RsBK=mid(StrBK,start,over-start) 'The function here is to extract the string between the start character and the over character in StrBK. I also talked about the mid function in the previous section; over-start is to calculate the distance between the start position and the end position, which is the number of characters.
response.write(RsBK) 'Finally output the content obtained by the program
%>
Don't be too happy. When you run it, you will find that there is an error in the html code of the page. Why? Because the html code you get is:
<td id=Content>BK (www.google) Google search engine is a site with many resources...
Did you see that? There is incomplete HTML code! What to do? The statement start=Instr(StrBK,<td id=Content>) obtains the position number of <td id=Content> in StrBK. Now we can add 17 after the program statement, then the program will point to the position The character after <td id=Content>.
Okay, the program will change to this:
<%
…
Dim StrBK,start,over,RsBK
StrBK=getHTTPPage (the address of the web page)
start=Instr(StrBK,<td id=Content>) + 17
over=Instr(StrBK,…</td></tr>) 'Here you can also subtract seven (-7) to remove 3 points
RsBK=mid(StrBK,start,over-start)
response.write(RsBK)
%>
This is OK, we can steal what we want and display it on our own page, haha~
4. Delete or modify the obtained characters
Replace BK(www.google) in RsBK with BK:
RsBK=replace(RsBK,BK(www.google),BK)
Or delete (www.google) directly:
RsBK=replace(RsBK,(www.google),)
Okay, now RsBK becomes: BK Google search engine is a site with many resources...
But in fact, the replace function may not be suitable for some situations. For example, we want to remove all connections in a certain string. Connections may include many types, and replace can only replace a specific one of them. We cannot use one Another corresponding replace function to replace it?
But you can use regular expressions to do this job instead.
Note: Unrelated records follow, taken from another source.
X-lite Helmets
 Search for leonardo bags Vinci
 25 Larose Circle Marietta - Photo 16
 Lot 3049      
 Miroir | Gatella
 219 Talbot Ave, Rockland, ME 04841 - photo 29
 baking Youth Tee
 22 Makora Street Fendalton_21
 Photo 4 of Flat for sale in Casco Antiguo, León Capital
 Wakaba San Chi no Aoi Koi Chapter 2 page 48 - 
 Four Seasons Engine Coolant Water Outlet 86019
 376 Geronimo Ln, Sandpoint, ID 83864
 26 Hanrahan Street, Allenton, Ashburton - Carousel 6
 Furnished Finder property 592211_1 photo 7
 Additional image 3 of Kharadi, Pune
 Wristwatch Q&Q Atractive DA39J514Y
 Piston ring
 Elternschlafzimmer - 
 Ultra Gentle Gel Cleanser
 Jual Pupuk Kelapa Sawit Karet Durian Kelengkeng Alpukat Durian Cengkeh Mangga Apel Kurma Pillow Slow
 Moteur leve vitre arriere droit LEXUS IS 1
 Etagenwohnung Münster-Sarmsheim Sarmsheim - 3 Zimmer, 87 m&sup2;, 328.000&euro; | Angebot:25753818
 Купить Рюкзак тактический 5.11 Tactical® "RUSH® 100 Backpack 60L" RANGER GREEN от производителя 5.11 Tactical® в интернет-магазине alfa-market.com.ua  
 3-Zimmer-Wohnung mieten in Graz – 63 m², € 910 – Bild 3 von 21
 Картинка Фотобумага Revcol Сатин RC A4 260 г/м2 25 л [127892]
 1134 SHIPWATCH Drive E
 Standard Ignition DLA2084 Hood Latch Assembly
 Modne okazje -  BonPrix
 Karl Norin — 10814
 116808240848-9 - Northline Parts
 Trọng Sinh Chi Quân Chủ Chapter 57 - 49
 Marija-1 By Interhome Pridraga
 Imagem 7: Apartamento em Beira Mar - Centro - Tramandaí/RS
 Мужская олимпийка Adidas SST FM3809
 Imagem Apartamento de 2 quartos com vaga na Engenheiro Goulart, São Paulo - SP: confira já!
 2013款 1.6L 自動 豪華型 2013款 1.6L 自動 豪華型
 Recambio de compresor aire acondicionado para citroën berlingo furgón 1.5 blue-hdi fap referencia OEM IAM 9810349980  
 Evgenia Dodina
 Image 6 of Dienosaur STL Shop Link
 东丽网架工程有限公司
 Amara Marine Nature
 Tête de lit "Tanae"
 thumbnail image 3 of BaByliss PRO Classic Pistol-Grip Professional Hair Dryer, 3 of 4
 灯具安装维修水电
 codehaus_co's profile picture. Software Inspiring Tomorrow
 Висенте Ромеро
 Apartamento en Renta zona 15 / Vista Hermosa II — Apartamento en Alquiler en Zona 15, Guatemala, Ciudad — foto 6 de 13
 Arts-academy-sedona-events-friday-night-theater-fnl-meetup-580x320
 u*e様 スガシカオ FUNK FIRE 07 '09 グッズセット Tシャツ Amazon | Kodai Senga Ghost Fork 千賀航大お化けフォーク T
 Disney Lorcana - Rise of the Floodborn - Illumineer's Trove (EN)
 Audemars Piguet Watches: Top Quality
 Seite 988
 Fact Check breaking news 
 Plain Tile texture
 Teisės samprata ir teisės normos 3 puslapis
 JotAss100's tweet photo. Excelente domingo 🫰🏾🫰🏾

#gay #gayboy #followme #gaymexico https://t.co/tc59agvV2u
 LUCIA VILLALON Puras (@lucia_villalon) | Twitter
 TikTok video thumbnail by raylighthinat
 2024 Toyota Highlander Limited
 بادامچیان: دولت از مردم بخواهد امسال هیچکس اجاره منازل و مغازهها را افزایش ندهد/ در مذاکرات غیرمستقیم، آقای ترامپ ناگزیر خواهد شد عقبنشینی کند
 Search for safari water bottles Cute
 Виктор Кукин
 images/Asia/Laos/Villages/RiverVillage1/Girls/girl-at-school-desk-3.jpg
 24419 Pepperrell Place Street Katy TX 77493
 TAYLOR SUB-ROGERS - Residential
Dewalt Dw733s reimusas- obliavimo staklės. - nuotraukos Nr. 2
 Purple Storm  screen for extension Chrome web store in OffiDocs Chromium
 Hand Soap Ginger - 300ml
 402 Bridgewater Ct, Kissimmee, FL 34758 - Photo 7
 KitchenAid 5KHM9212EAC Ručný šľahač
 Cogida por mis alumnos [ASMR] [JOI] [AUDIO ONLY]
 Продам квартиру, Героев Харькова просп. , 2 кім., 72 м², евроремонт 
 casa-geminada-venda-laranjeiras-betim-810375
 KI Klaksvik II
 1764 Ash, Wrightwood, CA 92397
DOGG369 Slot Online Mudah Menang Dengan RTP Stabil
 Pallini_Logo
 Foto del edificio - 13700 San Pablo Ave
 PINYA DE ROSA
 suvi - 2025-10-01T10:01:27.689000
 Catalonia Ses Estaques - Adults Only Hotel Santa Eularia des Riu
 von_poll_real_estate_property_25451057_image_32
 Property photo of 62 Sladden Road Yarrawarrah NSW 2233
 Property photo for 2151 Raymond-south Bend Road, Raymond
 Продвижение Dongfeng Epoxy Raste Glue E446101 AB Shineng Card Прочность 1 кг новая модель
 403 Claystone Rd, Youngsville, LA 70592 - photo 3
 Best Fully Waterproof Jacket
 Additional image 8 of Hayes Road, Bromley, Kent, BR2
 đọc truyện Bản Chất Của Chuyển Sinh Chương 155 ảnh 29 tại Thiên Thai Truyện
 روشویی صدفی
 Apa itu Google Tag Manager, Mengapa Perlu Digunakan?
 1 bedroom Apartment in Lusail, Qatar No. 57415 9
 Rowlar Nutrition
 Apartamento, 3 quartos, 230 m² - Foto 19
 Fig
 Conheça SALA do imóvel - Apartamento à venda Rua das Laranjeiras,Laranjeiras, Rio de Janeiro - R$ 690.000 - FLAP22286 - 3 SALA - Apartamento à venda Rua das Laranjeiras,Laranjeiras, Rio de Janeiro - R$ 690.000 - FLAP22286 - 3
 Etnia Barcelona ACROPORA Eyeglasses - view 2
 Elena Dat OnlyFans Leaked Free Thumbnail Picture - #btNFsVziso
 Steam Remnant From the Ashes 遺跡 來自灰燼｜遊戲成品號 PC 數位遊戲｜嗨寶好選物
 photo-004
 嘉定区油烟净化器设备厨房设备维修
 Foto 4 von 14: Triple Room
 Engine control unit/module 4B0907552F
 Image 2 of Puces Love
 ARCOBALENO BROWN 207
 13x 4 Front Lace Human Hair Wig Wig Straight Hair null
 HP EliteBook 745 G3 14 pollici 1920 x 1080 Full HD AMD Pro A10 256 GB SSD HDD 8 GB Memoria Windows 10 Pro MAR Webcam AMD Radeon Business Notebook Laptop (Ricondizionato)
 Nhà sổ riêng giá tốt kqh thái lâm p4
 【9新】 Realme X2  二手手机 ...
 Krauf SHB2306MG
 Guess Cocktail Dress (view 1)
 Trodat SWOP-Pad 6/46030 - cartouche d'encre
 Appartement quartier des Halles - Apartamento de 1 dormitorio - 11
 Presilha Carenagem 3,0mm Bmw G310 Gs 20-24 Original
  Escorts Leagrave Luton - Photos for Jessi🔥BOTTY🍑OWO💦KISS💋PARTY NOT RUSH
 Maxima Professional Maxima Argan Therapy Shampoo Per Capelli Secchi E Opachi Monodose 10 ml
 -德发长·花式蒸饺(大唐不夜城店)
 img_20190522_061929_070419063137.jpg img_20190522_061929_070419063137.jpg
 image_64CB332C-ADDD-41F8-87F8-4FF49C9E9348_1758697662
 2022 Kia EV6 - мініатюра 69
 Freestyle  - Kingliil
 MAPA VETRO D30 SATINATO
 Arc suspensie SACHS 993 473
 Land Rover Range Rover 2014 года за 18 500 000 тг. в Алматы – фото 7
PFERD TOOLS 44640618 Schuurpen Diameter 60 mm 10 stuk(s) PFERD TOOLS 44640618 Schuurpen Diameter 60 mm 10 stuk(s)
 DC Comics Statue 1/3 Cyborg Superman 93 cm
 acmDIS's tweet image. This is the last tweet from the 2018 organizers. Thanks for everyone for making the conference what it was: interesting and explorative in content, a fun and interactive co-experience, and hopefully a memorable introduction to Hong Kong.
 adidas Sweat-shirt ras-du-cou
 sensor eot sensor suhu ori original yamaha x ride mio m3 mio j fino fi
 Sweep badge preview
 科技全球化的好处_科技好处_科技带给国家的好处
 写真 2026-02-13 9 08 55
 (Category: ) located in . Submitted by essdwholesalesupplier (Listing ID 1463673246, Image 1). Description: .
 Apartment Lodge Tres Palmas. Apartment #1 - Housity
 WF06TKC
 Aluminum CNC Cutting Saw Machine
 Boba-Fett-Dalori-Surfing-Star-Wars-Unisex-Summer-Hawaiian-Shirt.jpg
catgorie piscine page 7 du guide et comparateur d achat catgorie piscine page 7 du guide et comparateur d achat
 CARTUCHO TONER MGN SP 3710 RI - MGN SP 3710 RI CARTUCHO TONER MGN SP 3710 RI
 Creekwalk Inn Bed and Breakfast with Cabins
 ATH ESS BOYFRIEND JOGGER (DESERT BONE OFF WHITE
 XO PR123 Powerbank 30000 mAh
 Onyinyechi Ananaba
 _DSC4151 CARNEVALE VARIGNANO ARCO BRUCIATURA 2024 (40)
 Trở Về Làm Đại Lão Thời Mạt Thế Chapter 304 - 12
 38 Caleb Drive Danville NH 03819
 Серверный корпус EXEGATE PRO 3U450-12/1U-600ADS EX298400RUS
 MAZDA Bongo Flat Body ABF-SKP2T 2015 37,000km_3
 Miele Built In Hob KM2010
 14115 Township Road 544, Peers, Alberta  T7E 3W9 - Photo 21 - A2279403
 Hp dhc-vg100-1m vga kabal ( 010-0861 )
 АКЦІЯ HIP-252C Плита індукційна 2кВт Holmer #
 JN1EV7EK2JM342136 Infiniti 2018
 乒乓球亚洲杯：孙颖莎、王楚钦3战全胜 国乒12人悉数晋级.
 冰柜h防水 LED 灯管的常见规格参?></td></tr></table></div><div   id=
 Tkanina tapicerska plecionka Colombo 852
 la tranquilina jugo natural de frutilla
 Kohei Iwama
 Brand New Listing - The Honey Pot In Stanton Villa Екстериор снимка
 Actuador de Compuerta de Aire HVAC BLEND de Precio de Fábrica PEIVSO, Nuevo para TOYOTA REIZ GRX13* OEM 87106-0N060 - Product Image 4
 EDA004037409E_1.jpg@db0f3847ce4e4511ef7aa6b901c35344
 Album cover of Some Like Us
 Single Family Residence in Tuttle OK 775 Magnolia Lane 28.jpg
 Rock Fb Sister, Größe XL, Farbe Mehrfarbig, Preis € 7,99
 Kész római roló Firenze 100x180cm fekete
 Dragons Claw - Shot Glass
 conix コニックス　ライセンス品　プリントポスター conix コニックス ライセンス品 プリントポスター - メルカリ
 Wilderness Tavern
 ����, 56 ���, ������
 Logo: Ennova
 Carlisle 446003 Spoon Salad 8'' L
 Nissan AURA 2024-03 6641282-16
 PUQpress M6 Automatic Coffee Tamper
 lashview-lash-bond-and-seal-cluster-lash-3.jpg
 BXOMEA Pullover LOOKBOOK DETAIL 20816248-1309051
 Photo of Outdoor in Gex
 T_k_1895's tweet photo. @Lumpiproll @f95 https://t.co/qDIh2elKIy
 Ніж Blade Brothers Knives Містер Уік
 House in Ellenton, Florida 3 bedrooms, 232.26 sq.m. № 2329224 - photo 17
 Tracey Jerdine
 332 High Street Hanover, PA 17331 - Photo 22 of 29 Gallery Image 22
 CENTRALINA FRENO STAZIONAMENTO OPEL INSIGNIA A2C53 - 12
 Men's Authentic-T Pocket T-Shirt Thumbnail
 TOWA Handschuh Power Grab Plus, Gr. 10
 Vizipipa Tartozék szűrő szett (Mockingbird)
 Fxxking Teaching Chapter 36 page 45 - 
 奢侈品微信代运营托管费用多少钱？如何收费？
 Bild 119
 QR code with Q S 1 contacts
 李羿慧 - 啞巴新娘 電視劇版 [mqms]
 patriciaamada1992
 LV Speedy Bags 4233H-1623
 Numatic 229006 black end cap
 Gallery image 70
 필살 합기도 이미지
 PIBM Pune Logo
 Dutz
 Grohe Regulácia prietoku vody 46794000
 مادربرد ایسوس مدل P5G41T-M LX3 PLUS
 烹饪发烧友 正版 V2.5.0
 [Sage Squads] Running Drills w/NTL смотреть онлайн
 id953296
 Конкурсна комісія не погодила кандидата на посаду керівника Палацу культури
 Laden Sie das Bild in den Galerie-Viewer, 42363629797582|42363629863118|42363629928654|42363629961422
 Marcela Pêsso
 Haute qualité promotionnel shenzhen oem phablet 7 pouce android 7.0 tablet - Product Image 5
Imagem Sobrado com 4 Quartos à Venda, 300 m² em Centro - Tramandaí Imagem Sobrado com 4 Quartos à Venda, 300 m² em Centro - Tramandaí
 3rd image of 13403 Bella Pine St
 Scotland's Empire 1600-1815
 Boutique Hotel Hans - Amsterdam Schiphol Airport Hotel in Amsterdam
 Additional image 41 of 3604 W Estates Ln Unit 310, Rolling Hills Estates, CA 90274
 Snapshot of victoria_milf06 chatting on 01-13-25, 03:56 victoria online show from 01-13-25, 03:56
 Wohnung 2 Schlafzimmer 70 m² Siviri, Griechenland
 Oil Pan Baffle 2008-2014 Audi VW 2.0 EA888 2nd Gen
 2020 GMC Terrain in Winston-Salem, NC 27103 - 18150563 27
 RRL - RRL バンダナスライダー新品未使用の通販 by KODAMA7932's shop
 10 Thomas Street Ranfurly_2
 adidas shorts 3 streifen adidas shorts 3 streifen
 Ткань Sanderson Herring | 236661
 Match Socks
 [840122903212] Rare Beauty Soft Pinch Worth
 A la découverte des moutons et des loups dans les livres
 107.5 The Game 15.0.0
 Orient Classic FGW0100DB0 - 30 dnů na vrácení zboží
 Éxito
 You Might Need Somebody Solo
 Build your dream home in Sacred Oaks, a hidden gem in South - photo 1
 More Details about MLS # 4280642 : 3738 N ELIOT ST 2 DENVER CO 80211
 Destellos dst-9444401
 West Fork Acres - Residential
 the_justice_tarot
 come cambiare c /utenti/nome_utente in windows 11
I won’t go into details here.
(1) How to process the page turning of the other party’s website into our own?
The answer is: use the replace function and the passing of page parameters.
For example, the other party's page contains such page turning code: <a href=2.htm>Next page</a>. We can first use the content mentioned above to obtain this string, and then use the replace function: RsBK=replace( RsBK,<a href=,<a href=page.asp?Url=)
Then get the parameter value of Url in the page.asp program, and finally use collection technology to get the content you want on the next page.
(2) How to store the obtained content into the database
Due to limited space, I will briefly mention it here.
It's actually very simple:
Process the stolen content to prevent SQL injection errors when writing to the database, for example: replace(String,','')
Then execute a sql command to insert into the database and it will be ok~
The above are just some basic applications of the XMLHTTP component. In fact, it can also implement many functions, such as saving remote images to the local server, and using the adodb.stream component to save the acquired data into the database. Collection has a wide range of functions and uses.